Tola Alade is extremely driven. She is working as a data scientist at Lloyds Banking Group, worked very hard to get there and absolutely loves what she does. “I really enjoy working here. It’s phenomenal. I’ve grown significantly,” she said.
She is clearly fascinated by data because even as we start the interview she mentioned that she had a data problem at work that she is mulling over. “It’s really bugging me. I like going home and thinking ‘how am I going to solve that?’”
But before all of this, when she was a student with A levels in maths, physics and IT, preparing for university, she knew she wanted to graduate with a first class degree. So took the subject she enjoyed the most: maths. She and her siblings had been encouraged from an early age to develop a curiosity about numbers and her dedication to get a top grade meant that she spent most of her time at university in the library and was very close with her professors and lectures.
In fact, she had started out at City, University of London studying maths and computer science but when she realised that the computer science modules would drag down her grade, she decided to drop it and transferred to Queen Mary, University of London. There she started her straight maths degree in the second year and just took a few additional first-year modules to catch up. Her hard work and strategizing paid off as she did indeed attain a first class degree.
She went to work at an energy management company but didn’t enjoy it. “I was working as a data analyst.

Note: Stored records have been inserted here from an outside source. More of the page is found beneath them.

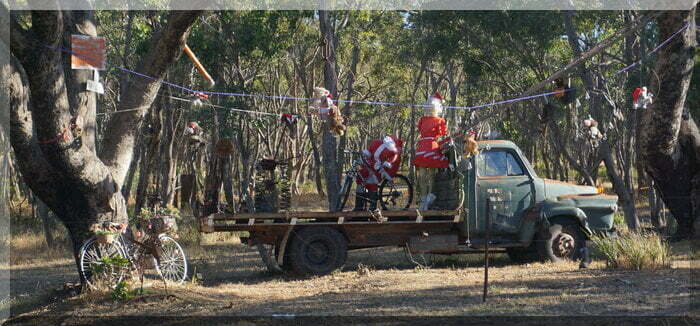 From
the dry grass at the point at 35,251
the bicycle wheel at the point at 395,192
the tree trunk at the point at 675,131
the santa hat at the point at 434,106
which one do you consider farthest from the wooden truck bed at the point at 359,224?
the dry grass at the point at 35,251

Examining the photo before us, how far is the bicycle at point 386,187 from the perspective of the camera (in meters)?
13.1

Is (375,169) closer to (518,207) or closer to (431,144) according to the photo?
(431,144)

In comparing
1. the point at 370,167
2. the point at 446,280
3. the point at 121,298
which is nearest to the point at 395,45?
the point at 370,167

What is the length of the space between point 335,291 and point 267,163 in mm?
2800

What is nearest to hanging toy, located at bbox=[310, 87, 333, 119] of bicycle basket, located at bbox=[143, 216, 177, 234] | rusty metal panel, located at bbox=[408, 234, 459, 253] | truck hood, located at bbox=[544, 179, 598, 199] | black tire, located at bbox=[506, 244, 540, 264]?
rusty metal panel, located at bbox=[408, 234, 459, 253]

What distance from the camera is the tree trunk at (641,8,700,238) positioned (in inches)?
514

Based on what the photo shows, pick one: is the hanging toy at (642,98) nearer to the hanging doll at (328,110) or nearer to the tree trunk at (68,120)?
the hanging doll at (328,110)

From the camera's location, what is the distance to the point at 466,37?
24.3 meters

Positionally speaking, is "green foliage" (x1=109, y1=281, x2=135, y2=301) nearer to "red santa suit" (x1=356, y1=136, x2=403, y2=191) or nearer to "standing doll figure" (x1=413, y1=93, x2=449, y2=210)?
"red santa suit" (x1=356, y1=136, x2=403, y2=191)

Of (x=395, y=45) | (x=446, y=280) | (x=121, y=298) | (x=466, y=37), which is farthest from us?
(x=395, y=45)

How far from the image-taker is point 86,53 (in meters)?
10.4

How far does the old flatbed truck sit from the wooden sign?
3133 millimetres

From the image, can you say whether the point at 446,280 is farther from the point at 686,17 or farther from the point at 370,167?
the point at 686,17

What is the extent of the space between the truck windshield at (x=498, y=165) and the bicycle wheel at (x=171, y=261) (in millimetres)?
4748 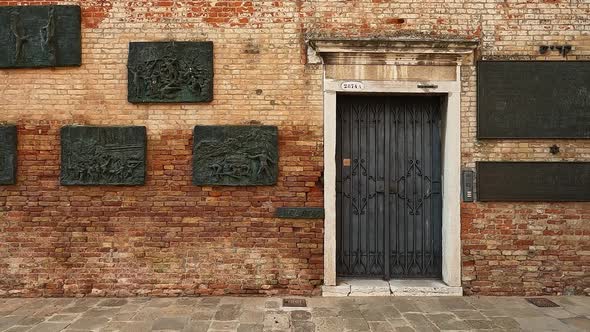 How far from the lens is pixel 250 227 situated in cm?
547

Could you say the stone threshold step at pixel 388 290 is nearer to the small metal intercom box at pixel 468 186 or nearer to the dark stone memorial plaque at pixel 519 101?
the small metal intercom box at pixel 468 186

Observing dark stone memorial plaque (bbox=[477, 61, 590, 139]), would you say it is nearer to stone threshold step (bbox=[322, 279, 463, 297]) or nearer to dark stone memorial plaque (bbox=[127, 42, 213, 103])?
stone threshold step (bbox=[322, 279, 463, 297])

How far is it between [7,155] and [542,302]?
7257 millimetres

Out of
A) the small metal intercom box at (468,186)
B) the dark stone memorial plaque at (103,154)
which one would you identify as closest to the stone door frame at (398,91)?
the small metal intercom box at (468,186)

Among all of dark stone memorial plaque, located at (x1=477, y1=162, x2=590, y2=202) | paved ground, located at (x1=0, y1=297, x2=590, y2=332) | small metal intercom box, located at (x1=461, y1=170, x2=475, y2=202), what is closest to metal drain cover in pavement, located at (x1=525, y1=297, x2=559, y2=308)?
paved ground, located at (x1=0, y1=297, x2=590, y2=332)

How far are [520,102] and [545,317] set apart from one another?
2.73m

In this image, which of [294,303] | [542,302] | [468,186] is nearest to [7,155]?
[294,303]

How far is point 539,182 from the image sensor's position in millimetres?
5492

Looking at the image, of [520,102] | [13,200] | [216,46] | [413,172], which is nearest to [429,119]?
[413,172]

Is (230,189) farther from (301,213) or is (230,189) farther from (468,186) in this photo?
(468,186)

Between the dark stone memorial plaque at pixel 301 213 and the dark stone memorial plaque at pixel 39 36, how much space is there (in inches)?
133

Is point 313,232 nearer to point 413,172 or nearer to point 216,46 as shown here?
point 413,172

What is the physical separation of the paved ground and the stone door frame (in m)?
0.62

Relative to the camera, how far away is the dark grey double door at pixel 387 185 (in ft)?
18.8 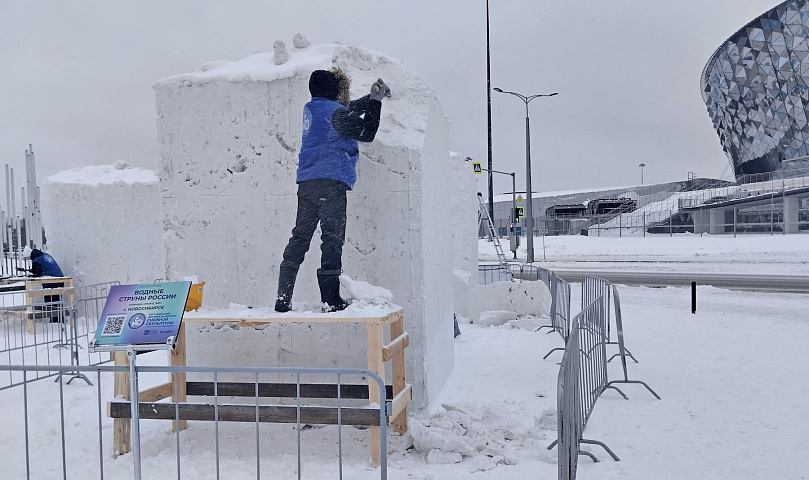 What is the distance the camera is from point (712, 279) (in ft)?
63.2

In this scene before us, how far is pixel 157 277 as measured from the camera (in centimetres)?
1308

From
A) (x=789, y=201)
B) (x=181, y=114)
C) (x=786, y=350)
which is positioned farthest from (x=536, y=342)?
(x=789, y=201)

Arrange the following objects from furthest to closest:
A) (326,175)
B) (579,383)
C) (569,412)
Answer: (326,175) < (579,383) < (569,412)

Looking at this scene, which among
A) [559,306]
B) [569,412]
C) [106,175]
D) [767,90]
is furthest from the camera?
[767,90]

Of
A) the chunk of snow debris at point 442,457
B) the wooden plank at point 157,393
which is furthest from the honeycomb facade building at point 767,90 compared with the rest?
the wooden plank at point 157,393

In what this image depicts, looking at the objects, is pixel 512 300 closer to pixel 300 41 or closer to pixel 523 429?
pixel 523 429

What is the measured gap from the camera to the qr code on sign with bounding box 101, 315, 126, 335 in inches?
152

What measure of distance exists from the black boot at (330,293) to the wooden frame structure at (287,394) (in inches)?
6.3

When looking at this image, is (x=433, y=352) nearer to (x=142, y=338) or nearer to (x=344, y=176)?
(x=344, y=176)

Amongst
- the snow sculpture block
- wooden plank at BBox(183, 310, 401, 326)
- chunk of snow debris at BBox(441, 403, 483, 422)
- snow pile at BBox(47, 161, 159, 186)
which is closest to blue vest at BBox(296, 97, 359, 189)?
wooden plank at BBox(183, 310, 401, 326)

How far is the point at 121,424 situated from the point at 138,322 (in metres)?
1.90

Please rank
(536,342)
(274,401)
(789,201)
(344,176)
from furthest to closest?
(789,201)
(536,342)
(274,401)
(344,176)

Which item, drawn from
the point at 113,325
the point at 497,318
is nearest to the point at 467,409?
the point at 113,325

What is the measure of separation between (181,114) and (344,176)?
223 cm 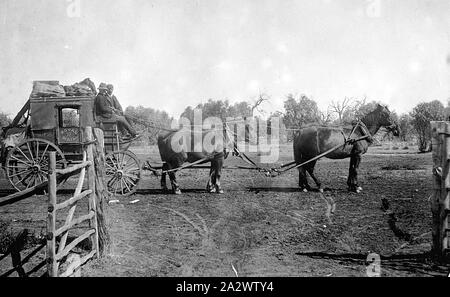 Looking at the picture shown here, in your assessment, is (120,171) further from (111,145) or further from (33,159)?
(33,159)

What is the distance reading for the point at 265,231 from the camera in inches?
263

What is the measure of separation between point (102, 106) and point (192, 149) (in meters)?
2.95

It wasn’t challenging. I didn’t feel like I was learning anything,” she said. After six months she went to work at Rightmove as a data analyst where she says her career in analytics really started.
She had mountains of data to play (or work) with from estate agents and prospective renters and buyers. However, she became hot-footed and decided that she really wanted to travel. It was a bold move as she was not able to take a six-month sabbatical and so was forced to quit to indulge her wanderlust in 2014. This leap of faith turned out to be a pivotal point in her career.
Travelling became expensive and so she tried teaching English in Thailand but that lasted all of one day. Alade then took a job in Australia at a recruitment company, sourcing people to work in data and analytics companies. She arranged to meet a data scientist, one of her targets, for a coffee and was blown away by the enthusiastic and passionate way he talked about his job, and that he could apply theoretical mathematical concepts, like eigenvalues and eigenvectors, in a work environment.
"Hearing that mathematical concepts are used in data science got me interested."
“He just spoke about his job and I never met someone that actually loved what they did and was happy being in a role. He said ‘the work is awesome, the challenges are different and I like the fact that there isn’t one solution for everything’. When he started talking about the mathematical concepts that are being used in data science, that got me interested.”
Alade began researching the role and coincidentally was contacted by her old manager at Rightmove asking if she wanted her old job back. She agreed and returned in June 2015 and a few months later became a statistical analyst where she could incorporate data science into her role. “That worked well because Rightmove just bought this company called The Outside View and they were mostly machine learning focused and they had phenomenal data scientists that were working on some products for Rightmove,” she said.